Тут слава его и нашла — он счастливый. Рождественская сказка для взрослых заняла первое место в советском прокате 1956 года.
Через десять лет, в 1966 году, он снял "Берегись автомобиля", — свой лучший, самый кинематографически совершенный оттепельный фильм, где все было прекрасно – и Смоктуновский в роли Деточкина, и Ефремов в роли следователя, и Папанов в роли народного обличителя, и сам стиль изложения, и интонация, и ритм, и монтаж… На этом фильме они встретились с драматургом Эмилем Брагинским, вместе с которым он написал сценарии к лучшим своим фильмам.
Как бы ни были хороши первые кинокомедии Рязанова, его настоящее призвание (и признание) проявилось в эру телевидения. Это было счастливое время, когда телевизор перестал быть редкостью, но еще не надоел, не раздражал, не вызывал зависимости, а стоял себе уютно в красном советском углу, радовал появившимся цветом…
Мы любили наши новые цветные "Рекорды", "Темпы" и "Рубины", где нас ждали знакомые позывные "Кинопанорамы", где с начала семидесятых Алексей Каплер, а после Эльдар Рязанов рассказывали о кино.
И хотя официальные начальники были против: "Мы не допустим на наши экраны тлетворную рязановскую смесь", говорили о нем, но его фильмы смотрели миллионы зрителей, и их сердца таяли.
Рязановские фильмы и их герои приходили к людям домой, в новостройки, где счастливые советские граждане времен застоя обживали свои новые, только что полученные квартиры, совершенно одинаковые, на Третьей улице строителей в Москве, Питере, Перми или Челябинске, ставили там одинаковые стенки и кухни, вешали одинаковые ковры, и, уставившись в одинаковые телевизоры, мечтали о том, что в их жизнь войдет чудо, настоящая любовь, мечта, песня, поэзия. И Наденька голосом Аллы Пугачевой споет про "Вагончик тронется", и будет нарядное платье цвета горчицы, и бритва с плавающими лезвиями, и заливная рыба с салатом оливье – и все сбудется.
Когда настала мода на ремейки, конечно, новую "Иронию судьбы" надо было бы снять в виде сериала, где и Лукашин, и Наденька обрели бы предысторию, а остальные персонажи – от подруг учительниц до ночующих по подругам мам — могли бы найти свои линии, так замечательно точно их наметил Рязанов (и его тогдашний постоянный соавтор Эмиль Брагинский).
Перестройку Рязанов встретил как праздник, он, как и многие советские люди, был уверен, что правда и справедливость всегда где-то рядом и что достаточно открыть им дверь, чтобы они пришли и воцарились навечно.

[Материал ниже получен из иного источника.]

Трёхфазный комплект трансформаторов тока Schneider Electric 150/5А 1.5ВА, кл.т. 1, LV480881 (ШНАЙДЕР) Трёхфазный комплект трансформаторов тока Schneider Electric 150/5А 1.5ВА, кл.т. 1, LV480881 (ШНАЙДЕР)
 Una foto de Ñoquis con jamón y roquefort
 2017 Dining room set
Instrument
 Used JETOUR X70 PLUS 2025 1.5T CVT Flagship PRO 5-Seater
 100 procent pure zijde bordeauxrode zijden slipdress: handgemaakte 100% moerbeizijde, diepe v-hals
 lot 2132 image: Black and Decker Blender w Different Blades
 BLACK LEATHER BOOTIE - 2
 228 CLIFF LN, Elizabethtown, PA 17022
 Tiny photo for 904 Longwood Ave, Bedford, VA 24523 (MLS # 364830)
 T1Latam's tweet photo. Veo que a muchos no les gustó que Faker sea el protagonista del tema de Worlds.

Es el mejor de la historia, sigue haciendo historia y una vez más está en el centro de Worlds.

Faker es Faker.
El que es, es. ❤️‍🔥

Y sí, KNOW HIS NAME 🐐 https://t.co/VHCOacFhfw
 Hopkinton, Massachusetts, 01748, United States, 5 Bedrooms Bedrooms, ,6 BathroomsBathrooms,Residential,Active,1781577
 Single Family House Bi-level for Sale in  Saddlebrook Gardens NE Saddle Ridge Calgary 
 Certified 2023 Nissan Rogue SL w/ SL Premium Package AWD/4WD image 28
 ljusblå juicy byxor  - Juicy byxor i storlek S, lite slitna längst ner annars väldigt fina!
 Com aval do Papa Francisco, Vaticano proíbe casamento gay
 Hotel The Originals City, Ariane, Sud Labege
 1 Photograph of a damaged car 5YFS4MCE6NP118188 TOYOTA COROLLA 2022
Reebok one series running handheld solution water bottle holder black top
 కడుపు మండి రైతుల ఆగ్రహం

Это детская во многом надежда не оправдалась, реальность оказалась жестче, но и сложнее.
Романтика, надежда, вера в сказочно прекрасную жизнь – наивные основы советского прекраснодушия интеллигенции – подвели. Рязанов не изменил своим идеалам, но идеалы оказались не совсем такими, какими представлялись издалека. Да и возраст был уже не тот, и Рязанов свои последние фильмы снимал в состоянии растерянности. Они не шли в кинотеатрах, не радовали публику так, как раньше. Время требовало другого фокуса, иного зрения, а найти его великий утешитель не смог. Фильм про Андерсена он снимал про себя…
Но в финале сериала о Рязанове, если его все-таки когда-нибудь снимут, должна была бы звучать музыка, например, песенка о погоде, которая любая – благодать…. И документальные кадры о его смерти, о похоронах, на которые тысячи сограждан завтра придут оплакивать своего лучшего сказочника, обязательно заставят зрителей не только загрустить, но и улыбнуться, той светлой улыбкой сквозь слезы, о которой всегда мечтал Рязанов. Как о лучшей реакции на свое кино.